JUAN MANUEL DE PRADA
DECÍA Santo Tomás que el gobierno de las naciones debe confiarse a quienes exceden en virtud e inteligencia al común de los mortales. Encumbrar lo que es de naturaleza inferior es siempre una monstruosidad; pero vivimos en una época tan dejada de la mano de Dios que hemos llegado a confundir la democracia con un sistema de gobierno donde pueden llegar a gobernar quienes no son ni virtuosos ni inteligentes. El gran Castellani establecía una clasificación de los tontos en cinco grupos, atendiendo al grado de conciencia que tenían sobre su cortedad de ingenio, que eran los siguientes: 1) Tonto a secas; esto es, ignorante. 2) Simple; esto es, tonto que se sabe tonto. 3) Necio; esto es, tonto que no se sabe tonto. 4) Fatuo; esto es, tonto que no se sabe tonto y además quiere hacerse el listo. Y 5) Insensato; esto es, tonto que no se sabe tonto y encima quiere gobernar (o hacer que gobierna) a otros. Y concluía que esta última categoría de tonto era la verdaderamente peligrosa y siniestra, más peligrosa aún -añadimos nosotros- que la categoría de los malvados; pues el malvado obra mal a sabiendas, con premeditación y alevosía, a diferencia del insensato, que obra mal pensando que obra bien. Además, el malvado, cuando llega a gobernar, lo hace ocultando a quienes lo han encumbrado sus verdaderas intenciones, de tal modo que, una vez descubiertas, puede ser depuesto. Pero al insensato lo encumbran los ignorantes, a quienes conduce fatalmente a su perdición, sin que éstos reaccionen.
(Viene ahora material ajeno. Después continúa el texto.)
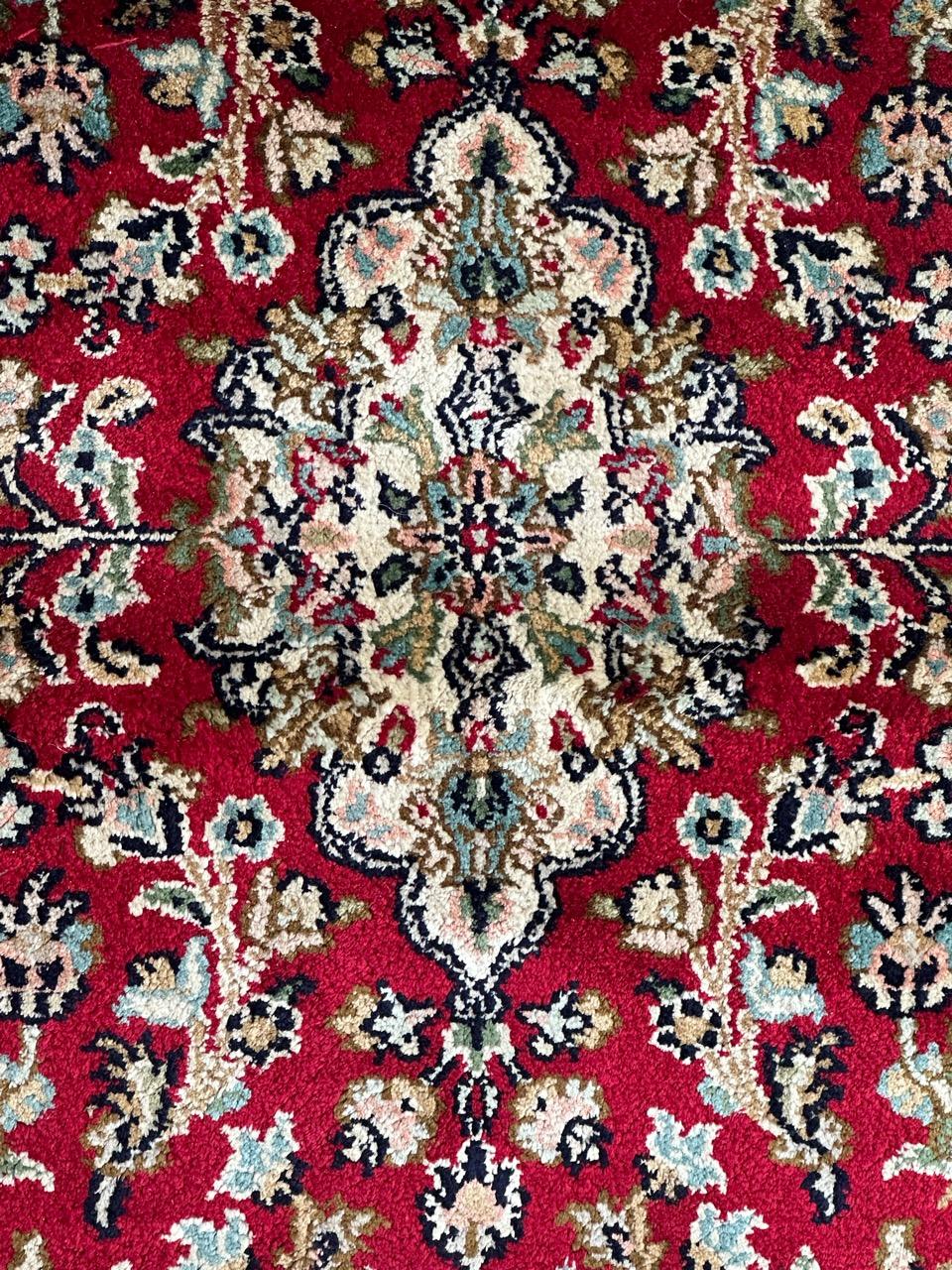 Schöner indischer Seidenteppich im Vintage-Stil mit schönem Design von persischen Täbris-Teppichen und schönen Farben mit rotem und weißem Feld in den Bordüren, blau, grün, gelb und rosa im Design. Vollständig und fein handgeknüpft mit Seide auf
Pero puede también ocurrir -el diablo nunca descansa- que los insensatos, una vez entronizados, se tornen malvados; y aquí llegamos al grado de corrupción máxima de un gobierno. Ángel Expósito, que es menos dado que yo a las lucubraciones tomistas, encarnaba en su artículo de ayer esta síntesis de insensatez y maldad en el presidente Zapatero, cuando lo caracterizaba como un gobernante que, en lugar de regir su acción por la búsqueda del bien común, se guía siempre por un interés político, que es signo distintivo de insensatez; y le faltó añadir que esa búsqueda de interés político la logra encizañando a los españoles, convencido de que su fortaleza como gobernante exige una fractura social, un estado de demogresca constante que mantenga enardecidos a sus votantes. Algunos ilusos creen que el huracán de la crisis económica, que amenaza con arramblarlo todo, lo hará desistir de su estrategia encizañadora; pero se equivocan de medio a medio, porque a estas alturas Zapatero ya no puede aparecer como un gobernante que anhela el bien común (tal pose resultaría poco creíble, amén de irrisoria), sino que necesita más que nunca exacerbar las pasiones políticas, que tal vez no sirvan para llenar los estómagos, pero en cambio distraen mucho el hambre y, sobre todo, permiten disfrazar las causas del hambre, y aun identificar erróneamente a los causantes.
Que Zapatero se está preparando para una nueva etapa en la que intensificará sus mensajes encizañadores lo demuestra la elección como ministro de Pepiño Blanco, quien -digámoslo piadosamente- aparte de no exceder al común de los mortales en virtud e inteligencia, se caracteriza sobre todo por una vocación irrefrenablemente cainita que asoma en cuanto abre la boca, no importa que se refiera a nimiedades (cuando afirma que «le tengo un asco al Real Madrid que no lo puedo ni ver») o a asuntos graves (cuando arremete contra «la hipocresía de aquellos que por la puerta de atrás abortan y luego van en la cabecera de las manifestaciones»). Nombrar ministro a una persona huérfana de méritos cuyo signo distintivo es su capacidad para enviscar los ánimos y sembrar la cizaña por doquier tal vez sea una muestra de insensatez; hacerlo en las presentes circunstancias constituye una prueba de maldad.